Work instruction ->
Needed from the data below: every line from the one with "Discerning drivers will" up to and including the one with "Telos is a low", repeated exactly and with nothing else.

Data to examine ->
———

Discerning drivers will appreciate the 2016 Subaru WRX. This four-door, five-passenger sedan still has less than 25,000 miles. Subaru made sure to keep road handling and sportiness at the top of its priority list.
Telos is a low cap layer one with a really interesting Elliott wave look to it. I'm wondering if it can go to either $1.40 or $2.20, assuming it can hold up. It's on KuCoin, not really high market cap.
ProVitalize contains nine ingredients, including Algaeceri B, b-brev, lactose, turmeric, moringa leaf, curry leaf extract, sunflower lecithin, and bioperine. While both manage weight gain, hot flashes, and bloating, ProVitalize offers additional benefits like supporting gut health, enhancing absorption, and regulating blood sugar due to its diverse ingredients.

———

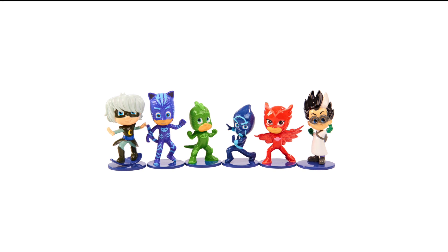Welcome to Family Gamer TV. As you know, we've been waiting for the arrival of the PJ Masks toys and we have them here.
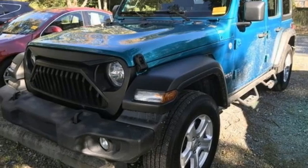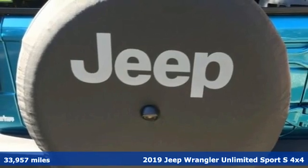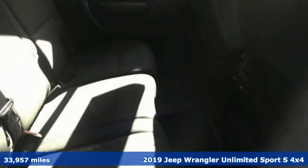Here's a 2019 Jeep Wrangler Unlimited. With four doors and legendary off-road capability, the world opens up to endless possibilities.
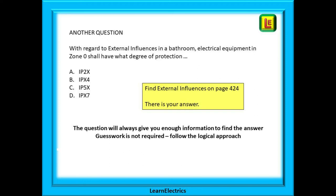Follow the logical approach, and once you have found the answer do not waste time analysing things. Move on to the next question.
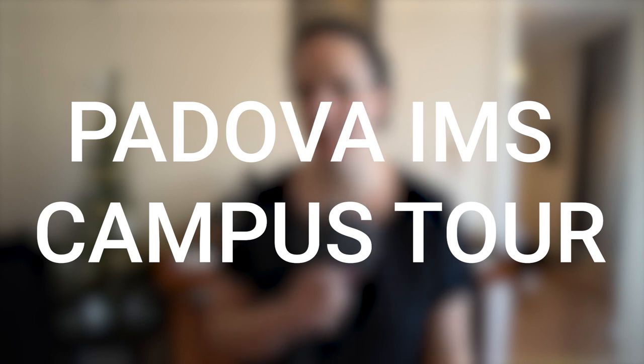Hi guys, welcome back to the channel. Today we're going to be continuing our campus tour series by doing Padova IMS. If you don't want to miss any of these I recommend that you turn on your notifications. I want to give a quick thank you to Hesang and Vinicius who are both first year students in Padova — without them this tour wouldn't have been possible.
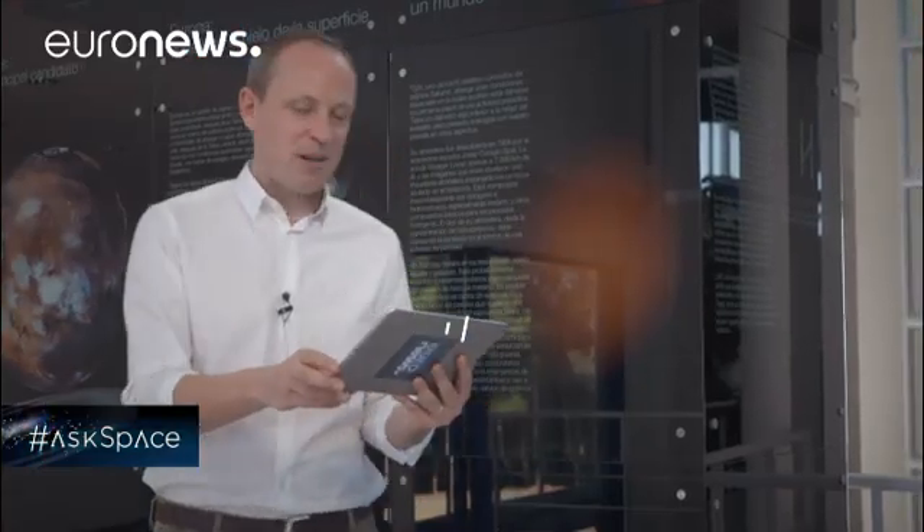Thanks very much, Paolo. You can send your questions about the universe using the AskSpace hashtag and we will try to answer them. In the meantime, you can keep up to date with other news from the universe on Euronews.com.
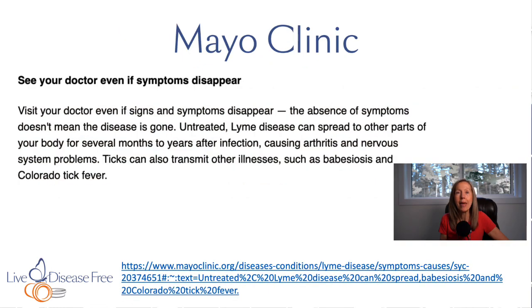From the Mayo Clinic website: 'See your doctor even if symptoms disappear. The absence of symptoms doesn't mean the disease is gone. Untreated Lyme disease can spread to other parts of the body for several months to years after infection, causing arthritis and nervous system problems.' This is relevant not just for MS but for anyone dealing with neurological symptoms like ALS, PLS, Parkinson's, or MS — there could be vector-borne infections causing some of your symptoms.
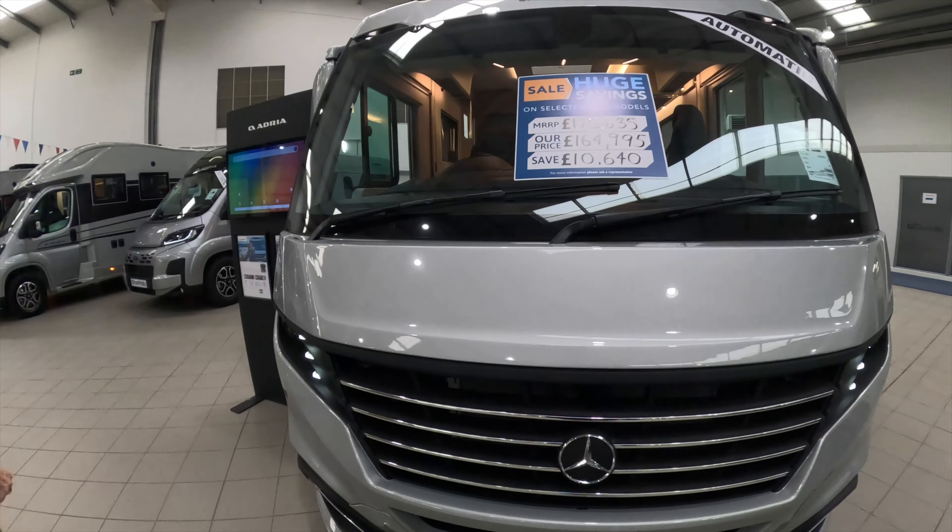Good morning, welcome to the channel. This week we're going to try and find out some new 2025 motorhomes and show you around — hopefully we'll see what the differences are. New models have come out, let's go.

———

The answer ->
Discerning drivers will appreciate the 2016 Subaru WRX. This four-door, five-passenger sedan still has less than 25,000 miles. Subaru made sure to keep road handling and sportiness at the top of its priority list.
Telos is a low cap layer one with a really interesting Elliott wave look to it. I'm wondering if it can go to either $1.40 or $2.20, assuming it can hold up. It's on KuCoin, not really high market cap.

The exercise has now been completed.